Setting ACLs when creating files from Windows

Corinna Vinschen corinna at vinschen.de
Thu Aug 7 15:04:35 GMT 2008


On Aug  7 10:20, simo wrote:
> On Thu, 2008-08-07 at 15:32 +0200, Corinna Vinschen wrote:
> > Well, in theory I don't care if it's a network FS or a local FS.
> > Cygwin's open() code simply tries to create files with a SD which
> > contains the current user, its primary group and an Everyone ACE,
> > regardless of the underlying FS.  This works fine on local and remote
> > Windows filesystems, just not on Samba which needs the described
> 
> Yes but what happens on the remote windows filesystem ?
> Do you just set an arbitrary SID there? This will work, but is probably
> not what your users want.

It's not an arbitrary SID, it's the SID of the current user on the
client machine...

> > workaround, and on NFS, which uses an entirely different mechanism, the
> > extended attributes approach.  It's not exactly Samba's fault, it's just
> > annoying that so many different code paths are required to get the same
> > result on different filesystems.  I had hoped for a simpler approach.
> 
> You should probably treat a remote windows filesystem and samba the same
> way, unless your machines are in a domain and you are using domain users
> I think you are setting unwanted SIDs on the remote windows machine.

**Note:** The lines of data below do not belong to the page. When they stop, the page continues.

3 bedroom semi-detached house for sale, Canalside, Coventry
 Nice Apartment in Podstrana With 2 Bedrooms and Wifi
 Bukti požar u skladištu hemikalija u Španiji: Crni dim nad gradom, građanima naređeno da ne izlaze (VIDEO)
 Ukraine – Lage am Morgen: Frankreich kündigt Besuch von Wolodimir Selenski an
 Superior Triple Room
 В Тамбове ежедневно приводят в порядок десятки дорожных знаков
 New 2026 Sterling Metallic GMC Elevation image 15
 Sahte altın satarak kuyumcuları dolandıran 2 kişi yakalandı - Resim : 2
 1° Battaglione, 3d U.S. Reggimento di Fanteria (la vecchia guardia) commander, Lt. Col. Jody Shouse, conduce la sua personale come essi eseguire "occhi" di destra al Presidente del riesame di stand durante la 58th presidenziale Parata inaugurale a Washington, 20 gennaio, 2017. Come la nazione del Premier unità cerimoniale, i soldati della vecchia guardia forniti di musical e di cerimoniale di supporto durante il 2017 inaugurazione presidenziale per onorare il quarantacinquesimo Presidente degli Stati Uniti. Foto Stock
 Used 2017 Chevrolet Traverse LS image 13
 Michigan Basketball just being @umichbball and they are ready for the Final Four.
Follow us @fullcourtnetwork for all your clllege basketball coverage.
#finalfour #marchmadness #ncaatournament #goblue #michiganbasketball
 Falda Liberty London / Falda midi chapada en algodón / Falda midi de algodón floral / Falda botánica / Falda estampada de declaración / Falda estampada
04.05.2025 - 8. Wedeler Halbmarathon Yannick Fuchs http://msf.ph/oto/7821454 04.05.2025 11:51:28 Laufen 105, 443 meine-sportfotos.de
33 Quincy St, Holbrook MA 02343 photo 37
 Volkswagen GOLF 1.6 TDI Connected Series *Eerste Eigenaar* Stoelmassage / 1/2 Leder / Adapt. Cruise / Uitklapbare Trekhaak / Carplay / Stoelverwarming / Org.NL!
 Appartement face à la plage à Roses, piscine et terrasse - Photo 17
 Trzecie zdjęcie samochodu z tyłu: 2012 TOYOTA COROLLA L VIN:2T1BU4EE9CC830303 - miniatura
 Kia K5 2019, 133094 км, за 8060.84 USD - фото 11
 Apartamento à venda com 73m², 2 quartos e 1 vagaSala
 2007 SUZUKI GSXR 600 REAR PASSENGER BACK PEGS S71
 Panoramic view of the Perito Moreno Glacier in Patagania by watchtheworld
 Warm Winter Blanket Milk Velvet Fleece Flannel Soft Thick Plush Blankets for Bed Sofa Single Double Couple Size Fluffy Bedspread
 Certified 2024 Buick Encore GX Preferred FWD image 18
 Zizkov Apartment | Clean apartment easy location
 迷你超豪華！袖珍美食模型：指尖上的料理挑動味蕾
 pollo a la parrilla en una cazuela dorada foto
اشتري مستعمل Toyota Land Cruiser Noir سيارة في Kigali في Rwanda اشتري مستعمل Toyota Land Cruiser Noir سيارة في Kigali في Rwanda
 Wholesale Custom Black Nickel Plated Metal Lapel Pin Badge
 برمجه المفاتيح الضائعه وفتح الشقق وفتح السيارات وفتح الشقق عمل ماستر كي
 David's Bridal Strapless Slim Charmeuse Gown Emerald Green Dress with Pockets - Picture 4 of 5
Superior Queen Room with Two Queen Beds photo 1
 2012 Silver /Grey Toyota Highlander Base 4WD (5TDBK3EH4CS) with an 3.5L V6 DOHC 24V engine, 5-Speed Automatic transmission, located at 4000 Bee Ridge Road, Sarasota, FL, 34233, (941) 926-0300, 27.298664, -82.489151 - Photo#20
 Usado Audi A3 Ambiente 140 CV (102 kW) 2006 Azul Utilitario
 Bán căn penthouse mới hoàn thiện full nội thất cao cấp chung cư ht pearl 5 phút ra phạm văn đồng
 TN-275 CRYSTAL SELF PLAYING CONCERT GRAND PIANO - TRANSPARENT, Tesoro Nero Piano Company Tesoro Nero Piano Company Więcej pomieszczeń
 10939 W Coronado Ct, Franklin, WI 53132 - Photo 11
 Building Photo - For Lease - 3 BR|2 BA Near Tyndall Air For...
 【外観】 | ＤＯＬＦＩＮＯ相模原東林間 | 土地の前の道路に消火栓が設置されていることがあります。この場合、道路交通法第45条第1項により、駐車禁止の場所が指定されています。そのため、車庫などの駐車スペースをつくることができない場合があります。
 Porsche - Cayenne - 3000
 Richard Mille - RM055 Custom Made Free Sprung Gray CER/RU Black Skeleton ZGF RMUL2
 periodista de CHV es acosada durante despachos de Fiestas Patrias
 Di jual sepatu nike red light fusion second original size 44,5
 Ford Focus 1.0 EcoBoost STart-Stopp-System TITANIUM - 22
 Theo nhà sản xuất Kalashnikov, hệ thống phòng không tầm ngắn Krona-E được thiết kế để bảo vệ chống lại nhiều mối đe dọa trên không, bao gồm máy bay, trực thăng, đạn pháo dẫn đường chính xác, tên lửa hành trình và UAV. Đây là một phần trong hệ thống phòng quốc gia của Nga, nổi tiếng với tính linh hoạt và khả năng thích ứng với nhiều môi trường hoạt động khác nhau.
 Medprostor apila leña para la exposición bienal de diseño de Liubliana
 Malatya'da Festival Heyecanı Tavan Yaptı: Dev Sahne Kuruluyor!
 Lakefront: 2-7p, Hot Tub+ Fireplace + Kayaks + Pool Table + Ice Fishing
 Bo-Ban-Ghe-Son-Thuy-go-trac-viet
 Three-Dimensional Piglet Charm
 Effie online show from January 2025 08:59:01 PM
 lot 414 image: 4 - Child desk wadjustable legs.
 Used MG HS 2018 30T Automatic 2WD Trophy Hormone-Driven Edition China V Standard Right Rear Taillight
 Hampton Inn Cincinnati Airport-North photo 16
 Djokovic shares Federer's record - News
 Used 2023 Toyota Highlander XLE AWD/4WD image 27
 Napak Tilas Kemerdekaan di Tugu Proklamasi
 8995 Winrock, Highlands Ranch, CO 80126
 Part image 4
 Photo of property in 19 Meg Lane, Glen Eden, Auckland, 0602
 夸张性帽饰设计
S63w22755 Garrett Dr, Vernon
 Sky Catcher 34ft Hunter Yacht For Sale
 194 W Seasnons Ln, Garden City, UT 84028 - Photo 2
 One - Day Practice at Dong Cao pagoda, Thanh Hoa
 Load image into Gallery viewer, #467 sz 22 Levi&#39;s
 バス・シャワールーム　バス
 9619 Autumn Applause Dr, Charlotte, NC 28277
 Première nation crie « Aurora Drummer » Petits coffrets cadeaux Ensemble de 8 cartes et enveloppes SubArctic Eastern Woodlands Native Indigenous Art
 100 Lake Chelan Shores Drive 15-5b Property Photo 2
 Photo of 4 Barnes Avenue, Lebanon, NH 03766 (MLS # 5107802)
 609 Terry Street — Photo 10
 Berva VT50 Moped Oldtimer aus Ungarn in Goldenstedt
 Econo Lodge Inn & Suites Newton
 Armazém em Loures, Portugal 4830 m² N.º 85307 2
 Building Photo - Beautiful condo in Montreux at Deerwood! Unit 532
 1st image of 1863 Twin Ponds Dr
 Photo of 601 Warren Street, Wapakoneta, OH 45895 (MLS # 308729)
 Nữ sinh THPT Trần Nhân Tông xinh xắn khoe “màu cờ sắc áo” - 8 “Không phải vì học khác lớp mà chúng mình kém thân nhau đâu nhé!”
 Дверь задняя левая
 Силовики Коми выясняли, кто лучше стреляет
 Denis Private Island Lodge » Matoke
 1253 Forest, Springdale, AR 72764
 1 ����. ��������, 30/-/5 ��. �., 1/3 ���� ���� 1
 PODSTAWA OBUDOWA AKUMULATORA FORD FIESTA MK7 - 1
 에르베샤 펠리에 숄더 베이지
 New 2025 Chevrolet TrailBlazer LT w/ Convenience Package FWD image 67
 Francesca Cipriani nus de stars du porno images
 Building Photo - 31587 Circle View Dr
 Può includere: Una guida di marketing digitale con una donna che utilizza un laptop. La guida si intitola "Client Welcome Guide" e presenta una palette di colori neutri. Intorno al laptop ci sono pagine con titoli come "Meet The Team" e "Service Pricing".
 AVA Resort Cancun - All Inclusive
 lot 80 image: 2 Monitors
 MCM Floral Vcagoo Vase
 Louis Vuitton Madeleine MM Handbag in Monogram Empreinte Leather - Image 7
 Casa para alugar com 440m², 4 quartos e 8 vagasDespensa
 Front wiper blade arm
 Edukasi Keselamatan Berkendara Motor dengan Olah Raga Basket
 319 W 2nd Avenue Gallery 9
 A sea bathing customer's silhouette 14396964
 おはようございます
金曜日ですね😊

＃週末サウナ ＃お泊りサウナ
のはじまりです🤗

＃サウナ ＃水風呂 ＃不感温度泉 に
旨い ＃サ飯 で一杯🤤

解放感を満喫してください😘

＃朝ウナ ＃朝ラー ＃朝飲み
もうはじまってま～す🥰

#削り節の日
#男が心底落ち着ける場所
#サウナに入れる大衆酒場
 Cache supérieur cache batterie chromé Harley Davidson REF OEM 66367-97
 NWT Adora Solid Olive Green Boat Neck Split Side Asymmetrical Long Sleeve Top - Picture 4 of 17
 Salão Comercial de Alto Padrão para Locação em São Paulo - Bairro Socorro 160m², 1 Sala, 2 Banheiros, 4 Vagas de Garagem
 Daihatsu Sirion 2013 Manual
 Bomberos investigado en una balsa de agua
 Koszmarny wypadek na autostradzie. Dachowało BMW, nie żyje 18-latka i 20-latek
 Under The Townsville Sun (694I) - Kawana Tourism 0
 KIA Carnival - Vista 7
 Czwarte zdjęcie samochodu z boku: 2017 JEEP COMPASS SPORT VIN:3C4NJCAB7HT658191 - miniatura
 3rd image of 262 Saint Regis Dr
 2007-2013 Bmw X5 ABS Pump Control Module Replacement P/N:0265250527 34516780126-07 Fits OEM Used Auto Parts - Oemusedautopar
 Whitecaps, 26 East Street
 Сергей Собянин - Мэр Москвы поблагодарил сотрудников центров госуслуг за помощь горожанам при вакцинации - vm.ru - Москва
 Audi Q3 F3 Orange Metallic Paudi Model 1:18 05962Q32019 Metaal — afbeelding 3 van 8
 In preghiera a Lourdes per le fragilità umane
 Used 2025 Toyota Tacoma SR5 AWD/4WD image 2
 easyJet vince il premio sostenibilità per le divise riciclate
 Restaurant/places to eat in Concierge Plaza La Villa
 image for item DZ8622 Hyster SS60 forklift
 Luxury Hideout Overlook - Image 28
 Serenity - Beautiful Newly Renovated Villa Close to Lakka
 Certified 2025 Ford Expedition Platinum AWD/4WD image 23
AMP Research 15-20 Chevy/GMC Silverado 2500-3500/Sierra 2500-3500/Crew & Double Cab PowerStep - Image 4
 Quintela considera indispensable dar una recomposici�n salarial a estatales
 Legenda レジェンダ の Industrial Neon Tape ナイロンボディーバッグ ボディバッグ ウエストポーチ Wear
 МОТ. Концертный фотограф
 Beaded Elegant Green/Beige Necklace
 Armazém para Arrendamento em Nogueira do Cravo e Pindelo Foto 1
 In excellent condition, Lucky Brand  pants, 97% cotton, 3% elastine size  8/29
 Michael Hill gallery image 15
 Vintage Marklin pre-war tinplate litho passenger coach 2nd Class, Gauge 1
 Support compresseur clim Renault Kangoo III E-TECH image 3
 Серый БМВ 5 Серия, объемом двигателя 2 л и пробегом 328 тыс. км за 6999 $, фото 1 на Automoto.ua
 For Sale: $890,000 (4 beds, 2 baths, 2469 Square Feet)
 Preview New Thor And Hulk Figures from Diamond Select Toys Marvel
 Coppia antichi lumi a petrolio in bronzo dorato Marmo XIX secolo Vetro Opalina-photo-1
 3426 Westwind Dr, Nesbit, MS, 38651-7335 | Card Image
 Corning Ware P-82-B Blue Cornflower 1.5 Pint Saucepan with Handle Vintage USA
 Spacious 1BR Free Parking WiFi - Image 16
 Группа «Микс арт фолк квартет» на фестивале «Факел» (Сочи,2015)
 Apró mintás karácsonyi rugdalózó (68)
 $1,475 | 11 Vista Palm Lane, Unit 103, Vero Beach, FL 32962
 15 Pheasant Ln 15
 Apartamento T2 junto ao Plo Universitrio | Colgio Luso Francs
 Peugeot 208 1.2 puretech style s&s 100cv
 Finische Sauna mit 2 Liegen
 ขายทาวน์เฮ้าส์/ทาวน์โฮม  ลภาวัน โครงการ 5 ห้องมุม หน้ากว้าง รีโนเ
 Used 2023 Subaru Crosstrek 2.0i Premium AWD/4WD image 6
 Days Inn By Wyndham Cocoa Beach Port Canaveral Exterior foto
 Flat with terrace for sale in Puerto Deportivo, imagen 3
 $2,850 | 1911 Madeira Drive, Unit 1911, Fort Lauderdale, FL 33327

... but I start to see what you mean.  When not in a domain, the default
behaviour is to create the files on the remote machine as the remote
user the local user has authenticated as, while in a domain, the user
has authenticated as itself and files are created as that user.  The
workaround I created for Samba maintains this behaviour.  OTOH, using a SD
for the current user creates a new behaviour in that the file owner
is the user of the client machine when running in a non-domain env.